I think social media is making us anti-social.
It's too easy to hang out in our houses, not see what the neighbors are doing, not meet up with friends.
It's too easy to get our community fix from the comfort of our own homes, or we're while sitting in a locked car in a parking lot, with the air conditioning on and the windows rolled up, waiting for a child to finish dance class.
When we're exhausted from days, weeks and months of must-have parenting, the energy required to make plans and meet up with other fleshy in-person humans can just be too much. We can log onto Facebook and see what our friends have been doing. We can exchange witty quips with strangers on Twitter. It feels almost like a conversation.
Almost.
I'm definitely guilty of this.
With my husband gone and my kids out of school, I've spent 24 hours a day alone with three children all summer long. Two of them are still in car seats. One of them is only recently potty trained. Everywhere I've gone, they've gone with me -- with all their whining, fighting, dawdling and wandering off.
Every ounce of my ever-dwindling supply of energy has gone to them. Every bit of my attention has had to be devoted to them -- watching to make sure they don't drown, or kill each other, or chat with random strangers on Minecraft, thus making themselves susceptible to child molesters. (This is apparently a thing, by the way.)
I can power through exhaustion. I can endure pain. I can Google and find solutions to most anything that's wrong or broken. What I cannot take is a hassle. I have a ridiculously low hassle tolerance.
Show me a checkout line with more than two people waiting, and I'm abandoning my cart and going home. We'll just find something to eat in the pantry.
If a trip to a park means that I have to chase children around the whole time to make sure someone isn't jumping off the slide or throwing rubber mulch (and that's what it means) -- we're not going. I have to budget my energy, and that's just not in the budget.
As a result, we've gone to the grocery store only when we've run out of milk and bread, and usually not until we've been out for a day. I order toilet paper from Amazon.
We go to doctor's appointments, of course, and swim practices. The kids play with other kids in the neighborhood. Sometimes we go for walks around the neighborhood. But, beyond those essential outings, we really haven't left the house very much.
It dawned on me last week that I have become a Must-Have Hermit. Not because I don't like people -- I love people. Agoraphobia is not my issue -- quite the opposite, in fact. I drive by restaurants and look in the windows wistfully. I see people in parks and fantasize about joining them.
The movies ... ahh, I can't remember the last time I went to a theater. And the real theater ... sigh.
But being the only adult with three young children in a restaurant, a movie, or even a park -- where they will inevitably cause a disturbance, run off in different directions or squabble with other children whose parents I will then have to placate, well, it just hasn't been worth it.
So we stay home. I get my human contact fix online and on the phone. But I'm missing the living, breathing humans around me because I'm scrolling through the funny faces and gorgeous sunsets on Instagram.

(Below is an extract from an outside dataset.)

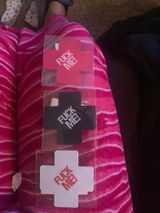 Claudine review photo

This is not just a MHP problem -- not by a long shot -- it's a society problem. But it's a problem that can hit MHPs especially hard. When our parenting partner is away for long periods of time, or has a work schedule that keeps us from seeing and talking much to him or her, conversations with other adults are all the more necessary. But when parenting is 24/7 with no breaks, we're also less likely to have the energy to find and forge those friendships.
What do you do to find the energy to get out into the world when you're exhausted by the demands of must-have parenting?